10 Reasons Why Hydrogen Might Hold The Future23 February 2021
People have been predicting the rise of hydrogen power for a number of years now, but whilst electric cars are becoming ever more popular, growth of hydrogen fuel cell vehicles has stalled somewhat. With very few charging stations here in the UK and only a handful of cars to choose from, there’s still a long way to go before usage of the fuel is widespread, but considering all of hydrogen’s advantages surely it’s only a matter of time. Here are 10 reasons why we think hydrogen could play a big part in the future of the motor industry.
The only emission from a hydrogen fuel cell vehicle is water so, just like a battery electric vehicle, it has no impact on the air quality where it’s driven. Clearly for the sake of public health and quality of life it’s incredibly important to reduce the amount of pollutants in our cities as quickly as possible in the coming years, so with its clean properties hydrogen power could yet play an important role in reducing pollution.
Hydrogen is abundant
Hydrogen is by a very large margin the most commonly occurring element in the universe, in fact it’s thought that up to 75% of known matter is hydrogen, so there’s plenty to go around! Whilst the gas usually occurs in a compound like water (H20 – hydrogen mixed with oxygen) and must be extracted to be used, there is plenty of availability and sources.
Quicker to charge than electric
One of the biggest disadvantages of electric cars currently when compared to internal combustion engine vehicles is the fact that charging times are often measured in hours rather than minutes. Motorists are used to filling up their car with petrol or diesel in a few moments and then heading on their way, rather than having to wait hours for a battery to charge. Refuelling a hydrogen car follows a very similar process to what you will be familiar with when using your local petrol station and so from that perspective has a big advantage over purely electric vehicles.
Quieter than an internal combustion engine vehicle
Noise pollution is a serious issue in our cities and has been shown to have a negative impact on both human and animal life in areas with lots of traffic. The conversion of hydrogen to electrical energy to be used to power a vehicle is significantly quieter than the processes which drive a conventionally fuelled vehicle. Whilst the sound can be slightly louder than a fully electric vehicle, hydrogen fuel cell cars are much less noisy than petrol or diesel engines, delivering another real benefit.
Zero carbon emissions
As well as producing no harmful pollutants, hydrogen vehicles also produce no carbon emissions at all when they are driven.
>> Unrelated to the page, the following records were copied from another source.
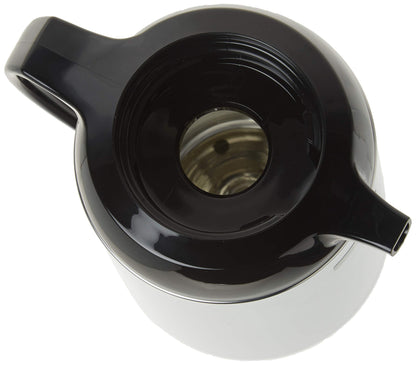 Zojirushi 1 Liter Vacuum Insulated Thermal Carafe Polished Stainless Steel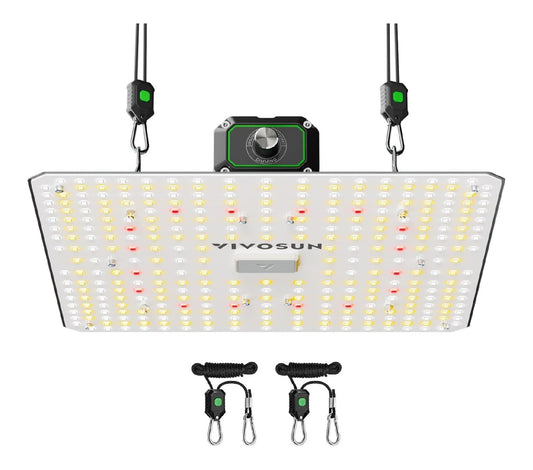 Impianti per coltivazione indoor per uso esterno Spettro Completo Ottimizzato LED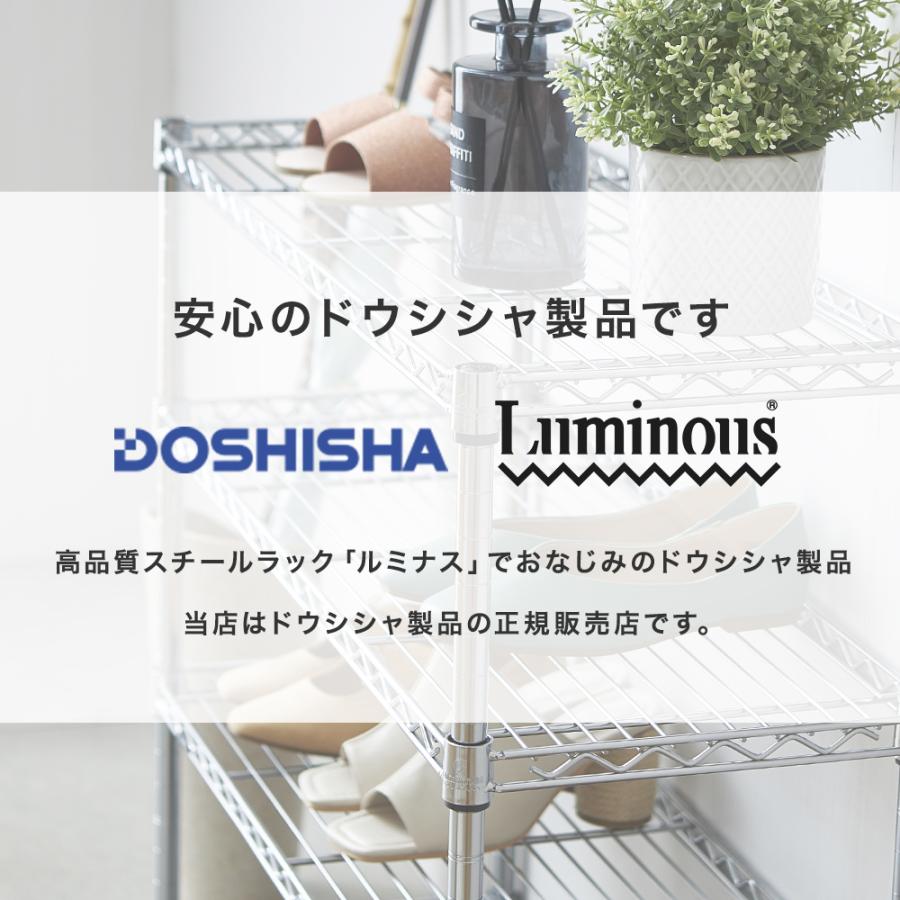 シューズラック  スリム 4段 幅50 奥行30 収納 ラック 狭い玄関  スチールラック  靴収納 下駄箱  靴入れ 玄関収納 おしゃれ  IHT5030-4 ルミナス ライトの画像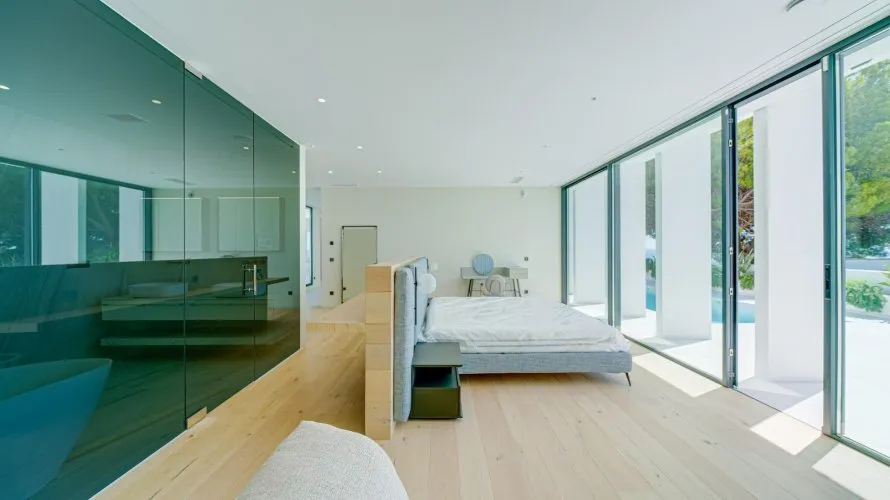 Villa de 5 dormitorios en Altea, España No. 351 № 15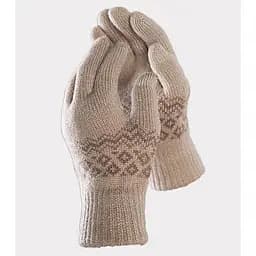 Рукавиці для сенсорних екранів Friend Only Brown 160/80 3040019 - мініатюра 2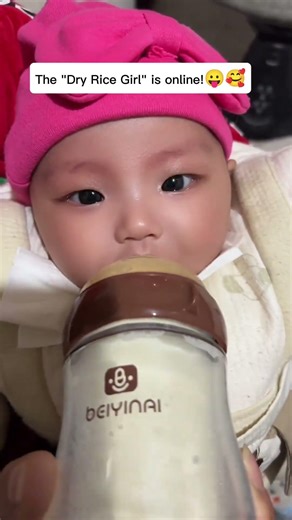 Hungry Baby Crying Until Bottle Time! 🍼🥺
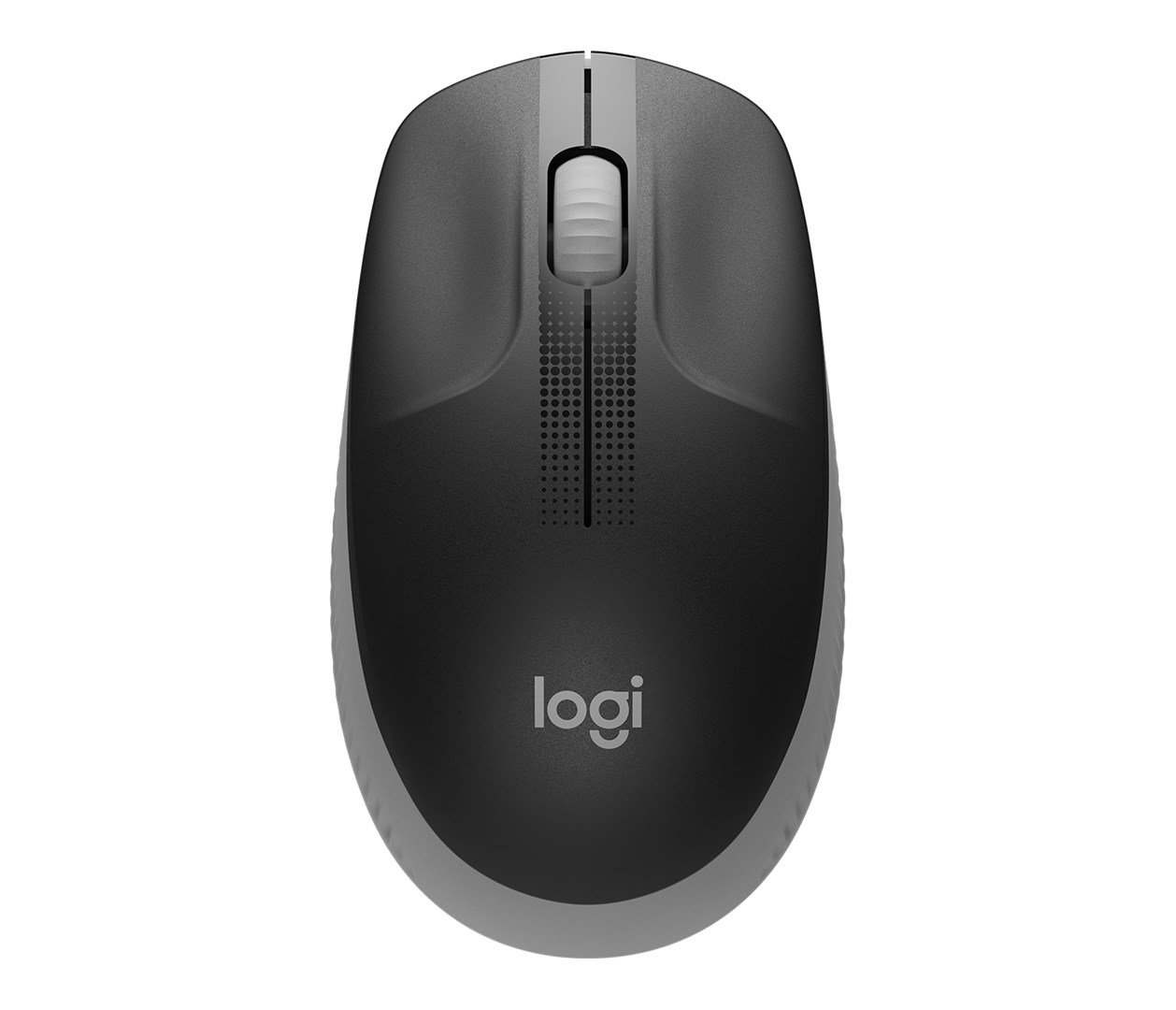 Maus Logitech M190, RF Wireless, i zi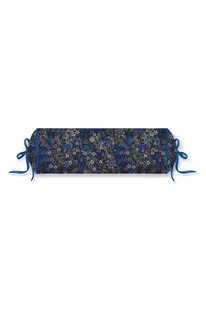 Pip Studio Rolkussen Tutti i Fiori Donkerblauw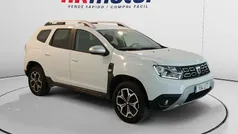Blanco Usado 2020 Dacia Duster Prestige SUV | 14.490 € (Precio justo)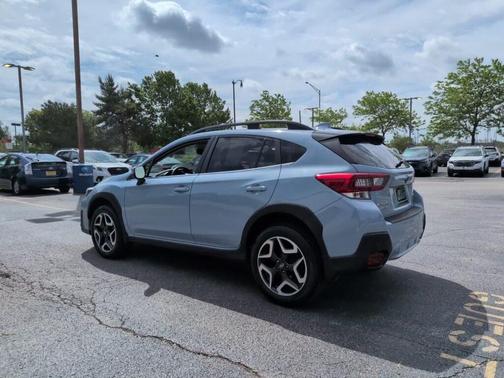 Cool Gray Khaki 2020 Subaru Crosstrek Limited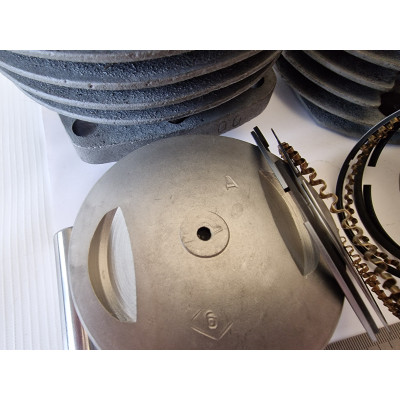 Кованная поршневая группа УРАЛ\М61\М67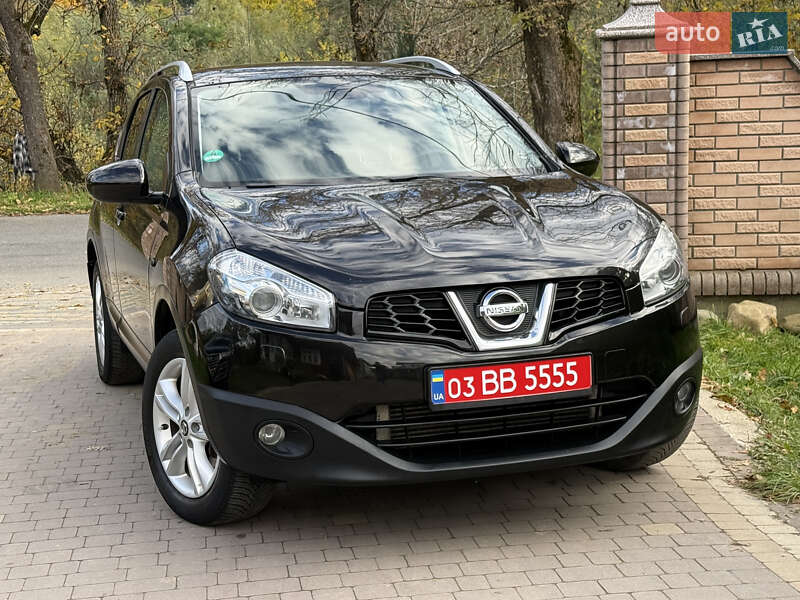 Внедорожник / Кроссовер Nissan Qashqai 2011 в Косове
Of course the process of generating the hydrogen uses power, and so this needs to be taken into account, but if this is done via renewable energy sources such as solar or hydro power then a hydrogen vehicle can have net zero emissions.
Because hydrogen can generate such enormous power it’s often thought of as being more dangerous than other elements or fuels. However most scientists believe when it comes to powering a car it’s no more hazardous than either petrol or diesel. Tests have even shown that vehicle fires can in fact be more risky with conventional fuels because they are liquid rather than guess at normal pressures and so will not disperse as easily.
Can be stored easily
One of the problems with electricity in general is that is difficult to store. Batteries are the main way in which unused energy can be kept for later, but this is not perfectly efficient and there are time limits for storage too. Once hydrogen has been separated out it can be stored indefinitely ready to be used later. For this reason hydrogen could play a big part in storing electricity from renewal energy sources in the future, where for example wind power is used to create hydrogen which can then be stored for later.
Can be sourced anywhere in the world
Unlike fossil fuels such as coal and oil, which are only available at certain points on the planet, hydrogen can be generated anywhere. Not only does this reduce the reliance of countries on each other for fuel needs, it lessens the impact of moving fuel around the world to be used in different places. Hydrogen also holds the advantage of being extremely light, so it can be transported highly efficiently.
Better range than electric
Whilst battery technology is improving all the time, the best performing hydrogen vehicles can outperform electric when it comes to range. This fact coupled with the similarities between refilling hydrogen and standard petrol or diesel cars give it a distinct advantage over fully electric cars, especially for motorists with so called ‘range anxiety’, concerns over running out of fuel and not being able to use a vehicle for a number of hours whilst it is recharged.
Hydrogen is incredibly powerful and light and due to these properties has been used for decades in various applications such as for rocket fuel. In fact, the lunar missions in the sixties used a form of liquid hydrogen to power them all the way to the moon!